Lines below starting with the line with "Now let's see" and going on through the line with "Excel allows you" must be output exactly; the rest of the records must be left out.
===== Excerpted records
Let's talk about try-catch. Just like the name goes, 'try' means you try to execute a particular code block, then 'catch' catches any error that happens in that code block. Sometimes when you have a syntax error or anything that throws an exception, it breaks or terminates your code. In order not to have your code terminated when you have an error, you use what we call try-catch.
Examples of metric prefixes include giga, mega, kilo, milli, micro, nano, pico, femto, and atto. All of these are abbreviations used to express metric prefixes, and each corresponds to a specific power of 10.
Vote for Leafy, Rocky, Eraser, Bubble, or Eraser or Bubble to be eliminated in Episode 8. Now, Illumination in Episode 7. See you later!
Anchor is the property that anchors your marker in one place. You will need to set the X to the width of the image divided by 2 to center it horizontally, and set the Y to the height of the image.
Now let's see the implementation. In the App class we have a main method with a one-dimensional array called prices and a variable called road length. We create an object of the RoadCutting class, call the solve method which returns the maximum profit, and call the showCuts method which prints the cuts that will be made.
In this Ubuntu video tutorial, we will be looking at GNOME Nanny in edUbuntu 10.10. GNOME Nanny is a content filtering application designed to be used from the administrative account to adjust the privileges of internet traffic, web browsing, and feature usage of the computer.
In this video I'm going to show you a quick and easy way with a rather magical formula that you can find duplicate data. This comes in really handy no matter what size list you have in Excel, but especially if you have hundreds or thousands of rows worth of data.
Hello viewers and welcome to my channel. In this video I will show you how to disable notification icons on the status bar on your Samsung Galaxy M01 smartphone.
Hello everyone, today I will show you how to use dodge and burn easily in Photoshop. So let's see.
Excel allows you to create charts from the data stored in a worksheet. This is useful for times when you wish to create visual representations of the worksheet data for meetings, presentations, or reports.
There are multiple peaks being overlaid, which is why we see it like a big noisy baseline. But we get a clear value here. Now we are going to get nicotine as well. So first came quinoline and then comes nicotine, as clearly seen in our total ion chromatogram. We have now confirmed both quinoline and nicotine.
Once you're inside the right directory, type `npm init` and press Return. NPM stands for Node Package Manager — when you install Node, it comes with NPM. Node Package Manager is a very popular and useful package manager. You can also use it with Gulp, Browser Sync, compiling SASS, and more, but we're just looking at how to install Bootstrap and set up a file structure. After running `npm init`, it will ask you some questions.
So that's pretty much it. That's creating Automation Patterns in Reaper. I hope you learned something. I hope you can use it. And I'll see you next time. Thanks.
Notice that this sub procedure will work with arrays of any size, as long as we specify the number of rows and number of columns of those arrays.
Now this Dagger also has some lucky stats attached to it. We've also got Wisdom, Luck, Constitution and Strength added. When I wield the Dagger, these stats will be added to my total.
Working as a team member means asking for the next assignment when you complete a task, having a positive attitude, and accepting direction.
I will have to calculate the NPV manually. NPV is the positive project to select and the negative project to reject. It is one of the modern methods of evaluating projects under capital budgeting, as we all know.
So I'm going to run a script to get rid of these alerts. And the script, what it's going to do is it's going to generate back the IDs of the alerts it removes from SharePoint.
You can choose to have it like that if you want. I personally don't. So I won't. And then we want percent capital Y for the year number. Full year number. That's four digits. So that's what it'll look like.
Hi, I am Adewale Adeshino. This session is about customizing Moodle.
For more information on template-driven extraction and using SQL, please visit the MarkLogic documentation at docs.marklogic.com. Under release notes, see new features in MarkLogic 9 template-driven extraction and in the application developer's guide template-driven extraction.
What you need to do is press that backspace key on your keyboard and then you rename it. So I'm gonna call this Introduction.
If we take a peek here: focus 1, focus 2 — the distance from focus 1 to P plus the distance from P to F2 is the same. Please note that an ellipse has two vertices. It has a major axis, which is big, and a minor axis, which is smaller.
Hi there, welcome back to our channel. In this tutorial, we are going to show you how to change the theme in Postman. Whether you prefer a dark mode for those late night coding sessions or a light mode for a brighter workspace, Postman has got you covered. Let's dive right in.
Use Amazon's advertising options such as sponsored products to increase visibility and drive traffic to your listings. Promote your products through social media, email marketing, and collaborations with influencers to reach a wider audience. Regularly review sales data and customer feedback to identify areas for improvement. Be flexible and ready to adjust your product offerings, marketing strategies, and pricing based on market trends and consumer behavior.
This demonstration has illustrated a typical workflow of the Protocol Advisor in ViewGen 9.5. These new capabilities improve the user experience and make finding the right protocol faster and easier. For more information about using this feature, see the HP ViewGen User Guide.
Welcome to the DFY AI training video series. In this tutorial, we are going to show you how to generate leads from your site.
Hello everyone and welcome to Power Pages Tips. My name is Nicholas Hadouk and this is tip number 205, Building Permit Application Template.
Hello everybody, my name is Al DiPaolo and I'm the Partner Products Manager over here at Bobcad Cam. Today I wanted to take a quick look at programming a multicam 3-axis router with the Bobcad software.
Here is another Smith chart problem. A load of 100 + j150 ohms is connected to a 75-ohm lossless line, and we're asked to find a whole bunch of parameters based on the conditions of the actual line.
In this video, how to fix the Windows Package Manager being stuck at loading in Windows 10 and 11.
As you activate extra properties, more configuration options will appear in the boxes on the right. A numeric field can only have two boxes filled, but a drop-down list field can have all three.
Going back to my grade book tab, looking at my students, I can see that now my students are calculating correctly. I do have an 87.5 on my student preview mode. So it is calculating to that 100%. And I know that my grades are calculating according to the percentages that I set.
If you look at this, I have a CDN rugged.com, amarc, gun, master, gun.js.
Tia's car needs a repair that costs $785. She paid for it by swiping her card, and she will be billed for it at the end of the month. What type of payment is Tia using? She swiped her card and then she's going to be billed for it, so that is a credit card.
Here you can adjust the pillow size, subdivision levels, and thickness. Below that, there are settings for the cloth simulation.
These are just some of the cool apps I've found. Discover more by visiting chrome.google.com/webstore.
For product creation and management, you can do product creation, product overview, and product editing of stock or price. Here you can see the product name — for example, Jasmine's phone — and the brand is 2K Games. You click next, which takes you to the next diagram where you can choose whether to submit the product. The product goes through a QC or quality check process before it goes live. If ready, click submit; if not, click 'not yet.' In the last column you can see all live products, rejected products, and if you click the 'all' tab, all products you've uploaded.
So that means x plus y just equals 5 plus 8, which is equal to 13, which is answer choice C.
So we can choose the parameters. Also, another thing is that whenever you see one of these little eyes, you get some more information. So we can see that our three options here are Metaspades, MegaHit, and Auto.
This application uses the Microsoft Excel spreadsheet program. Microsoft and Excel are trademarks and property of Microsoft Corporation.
==========
**Exercise solution:**
Now let's see the implementation. In the App class we have a main method with a one-dimensional array called prices and a variable called road length. We create an object of the RoadCutting class, call the solve method which returns the maximum profit, and call the showCuts method which prints the cuts that will be made.
In this Ubuntu video tutorial, we will be looking at GNOME Nanny in edUbuntu 10.10. GNOME Nanny is a content filtering application designed to be used from the administrative account to adjust the privileges of internet traffic, web browsing, and feature usage of the computer.
In this video I'm going to show you a quick and easy way with a rather magical formula that you can find duplicate data. This comes in really handy no matter what size list you have in Excel, but especially if you have hundreds or thousands of rows worth of data.
Hello viewers and welcome to my channel. In this video I will show you how to disable notification icons on the status bar on your Samsung Galaxy M01 smartphone.
Hello everyone, today I will show you how to use dodge and burn easily in Photoshop. So let's see.
Excel allows you to create charts from the data stored in a worksheet. This is useful for times when you wish to create visual representations of the worksheet data for meetings, presentations, or reports.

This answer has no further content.